▶ [PROVIDED INFORMATION]:
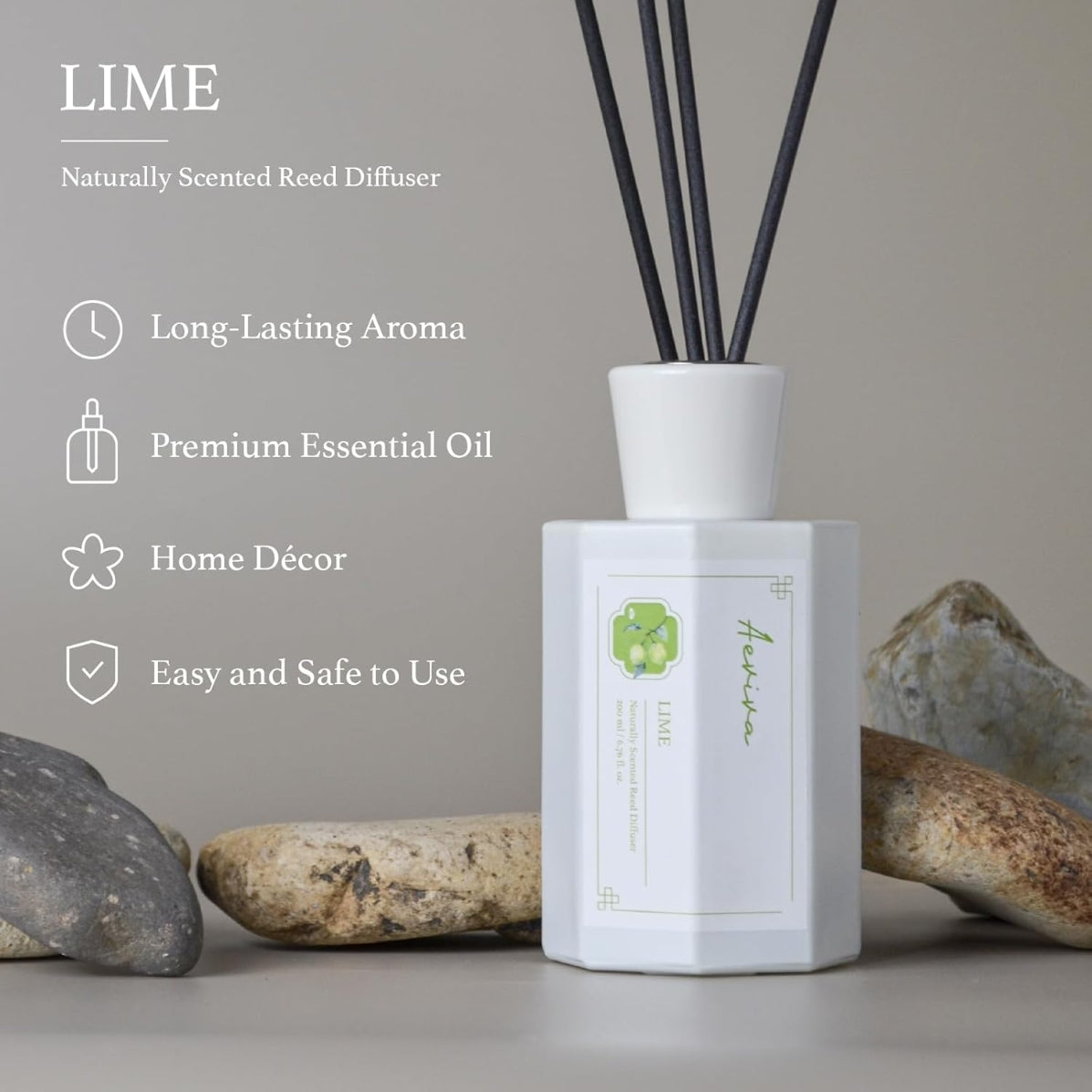 Aeviva Naturally Scented Lime Reed Diffuser Set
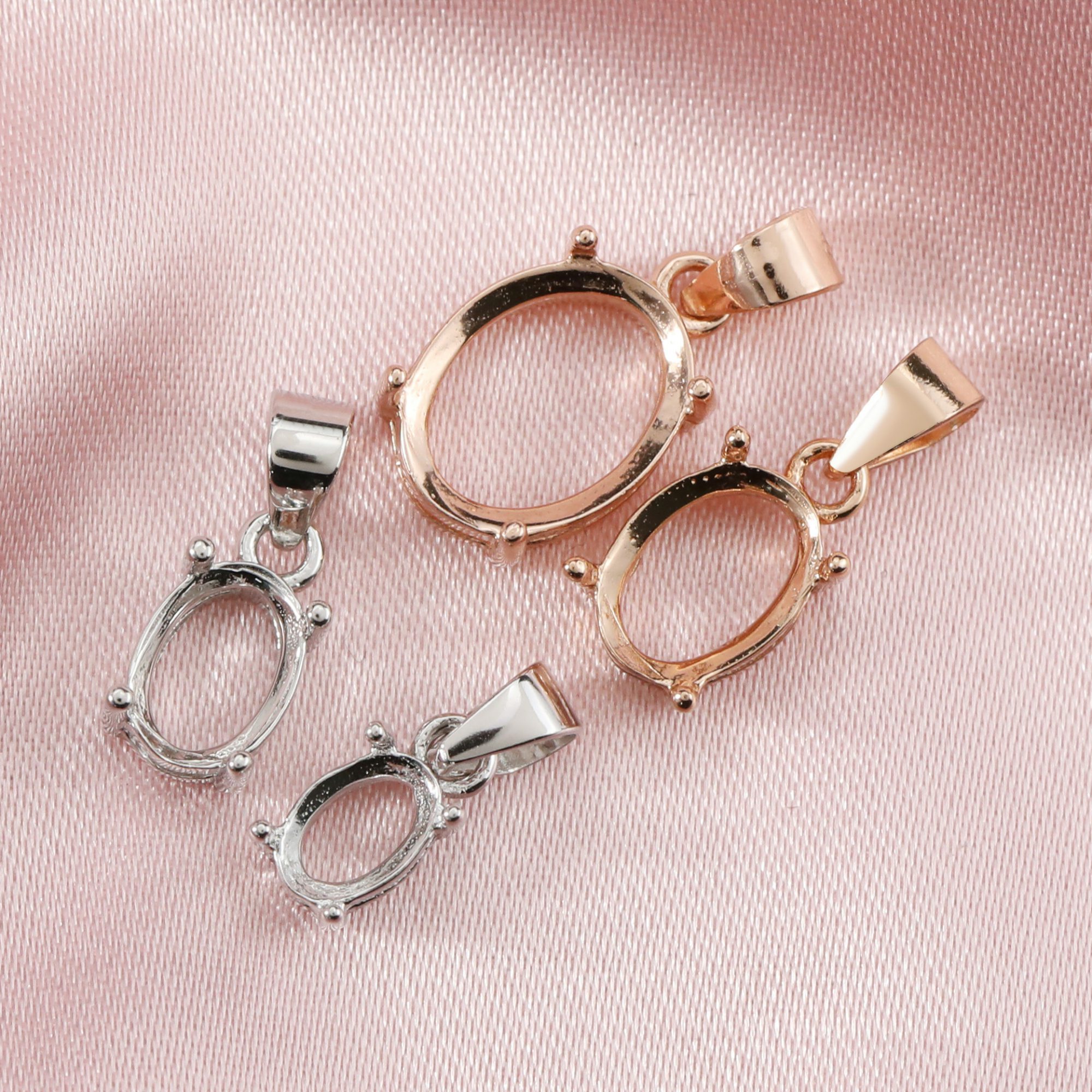 Multiple Size Solid 14K Rose Gold Oval Prong Bezel Settings for Gemstone Moissanite Diamond DIY Pendant Charm 1421094-1
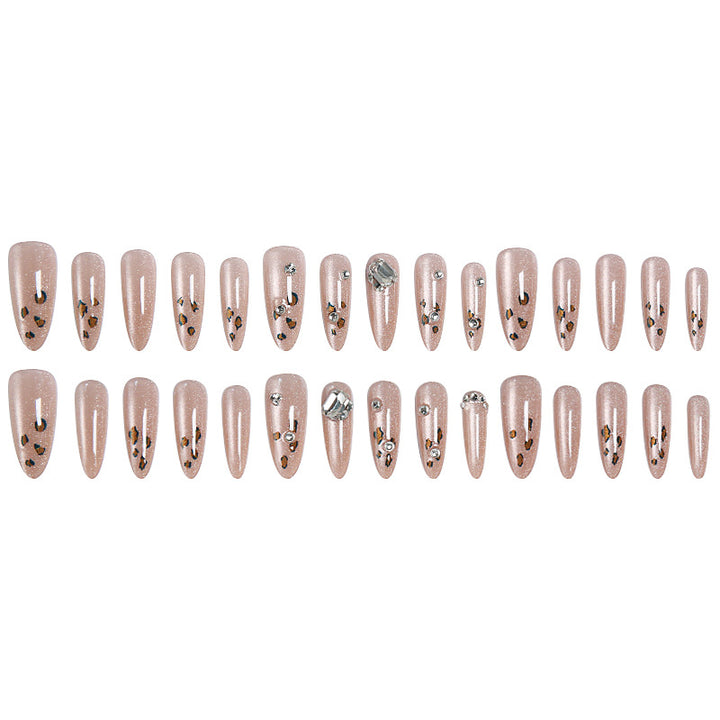Glamorous artificial nail set with fun leopard pattern and glittering accents Kalsten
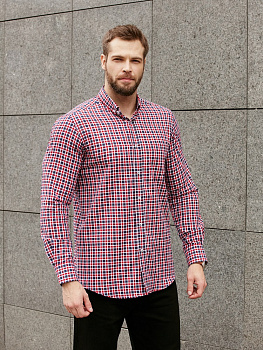 Рубашка Dave Raball Classic fit в красно-сине-белую клетку, карман 000290 LR CLF
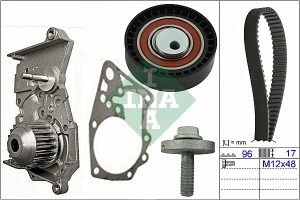 Set pompa apa + curea dintata DACIA LOGAN (LS_) 1.6 (LSOB, LSOD, LSOF, LSOH) benzina 87 cai INA 530 0604 30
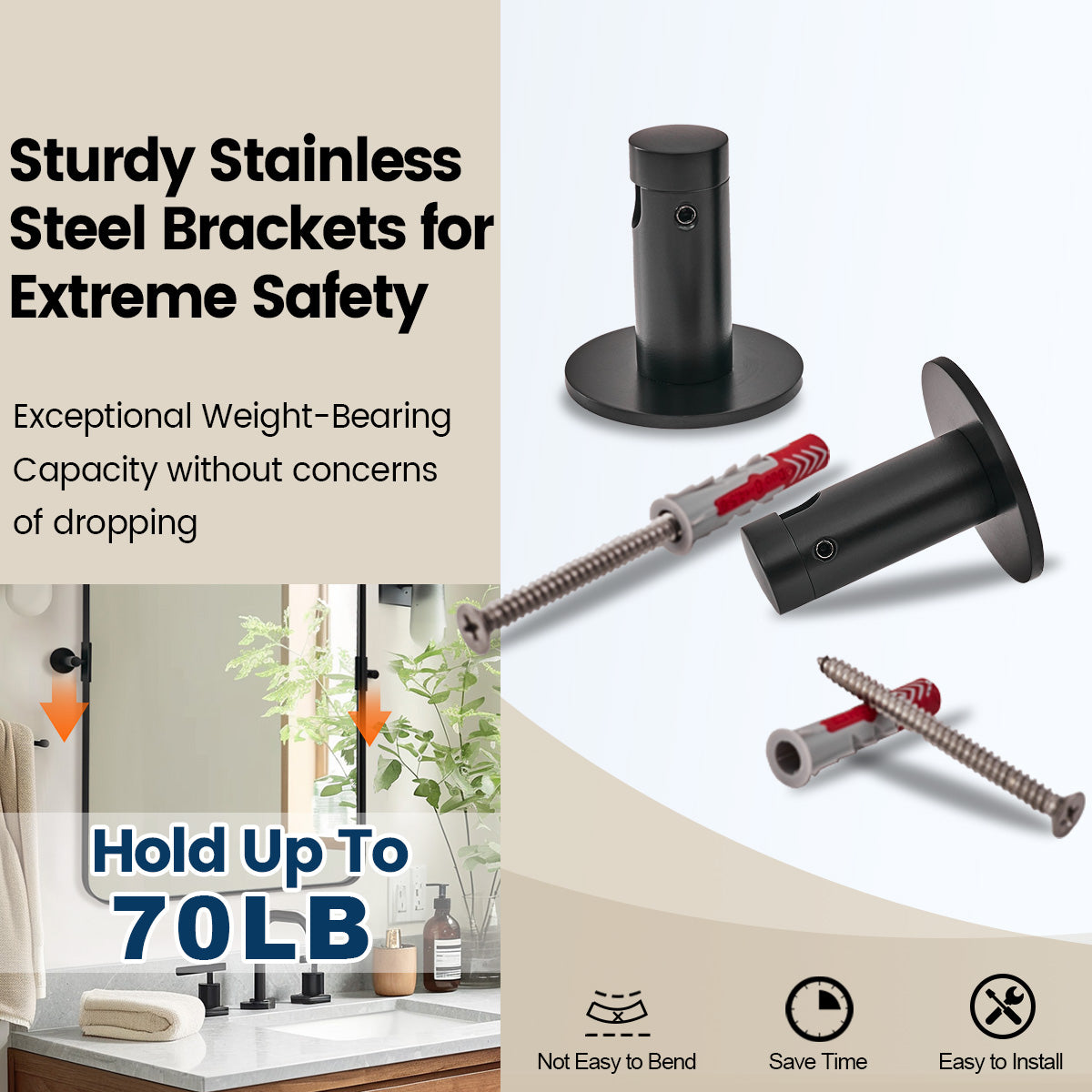 Open Box Like New: Tilting Rectangular Pivot Mirror for Bathroom | Stainless Steel Frame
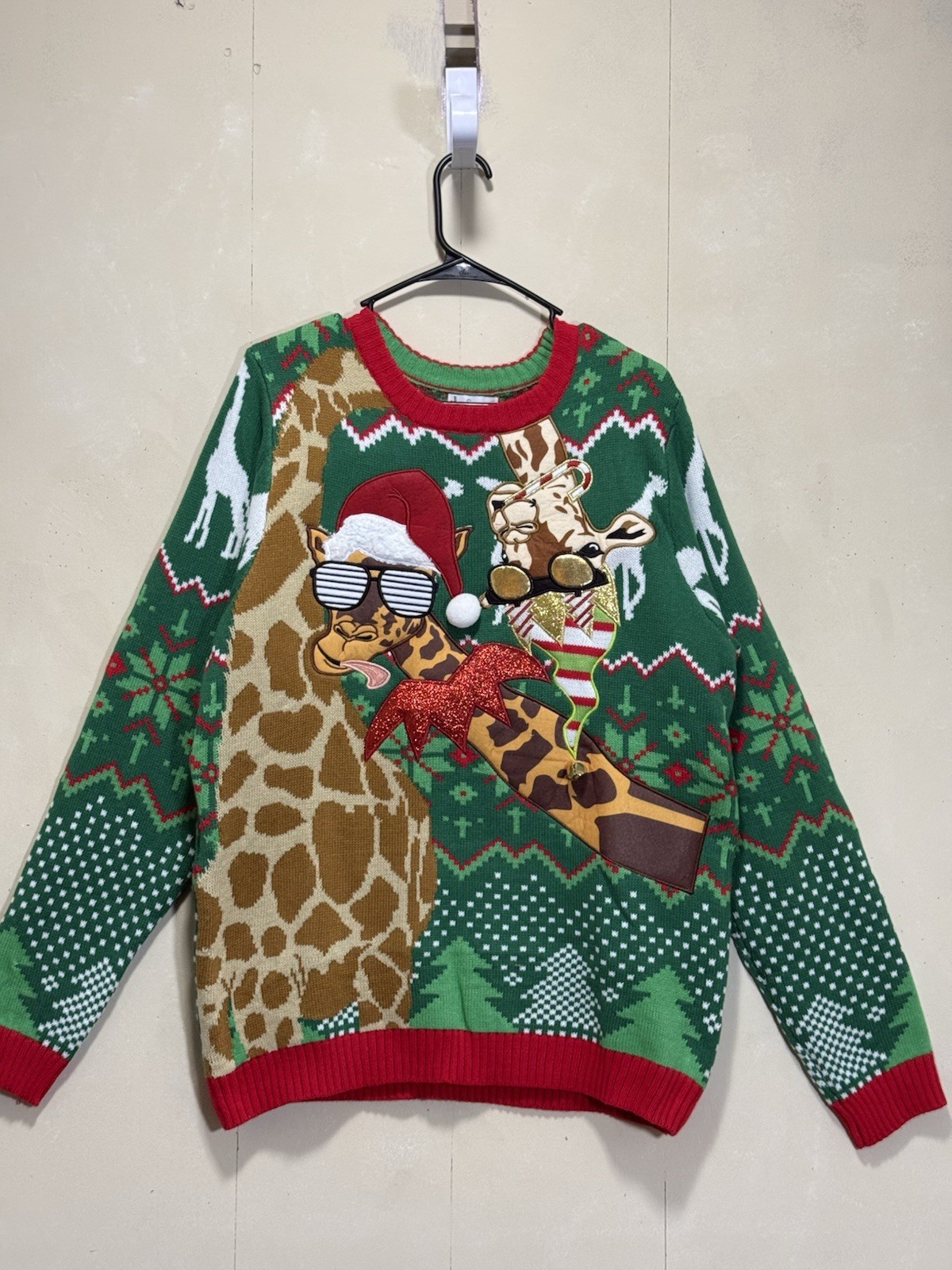 Jolly Sweaters Silly Giraffes Funny Holiday Christmas Sweater Men’s Sz L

▶ [TASK DETAILS]: With the pictures excluded, the records are to be reproduced exactly.

▶ [RESULT]:
 Aeviva Naturally Scented Lime Reed Diffuser Set
 Multiple Size Solid 14K Rose Gold Oval Prong Bezel Settings for Gemstone Moissanite Diamond DIY Pendant Charm 1421094-1
Glamorous artificial nail set with fun leopard pattern and glittering accents Kalsten
 Рубашка Dave Raball Classic fit в красно-сине-белую клетку, карман 000290 LR CLF
 Set pompa apa + curea dintata DACIA LOGAN (LS_) 1.6 (LSOB, LSOD, LSOF, LSOH) benzina 87 cai INA 530 0604 30
 Open Box Like New: Tilting Rectangular Pivot Mirror for Bathroom | Stainless Steel Frame
 Jolly Sweaters Silly Giraffes Funny Holiday Christmas Sweater Men’s Sz L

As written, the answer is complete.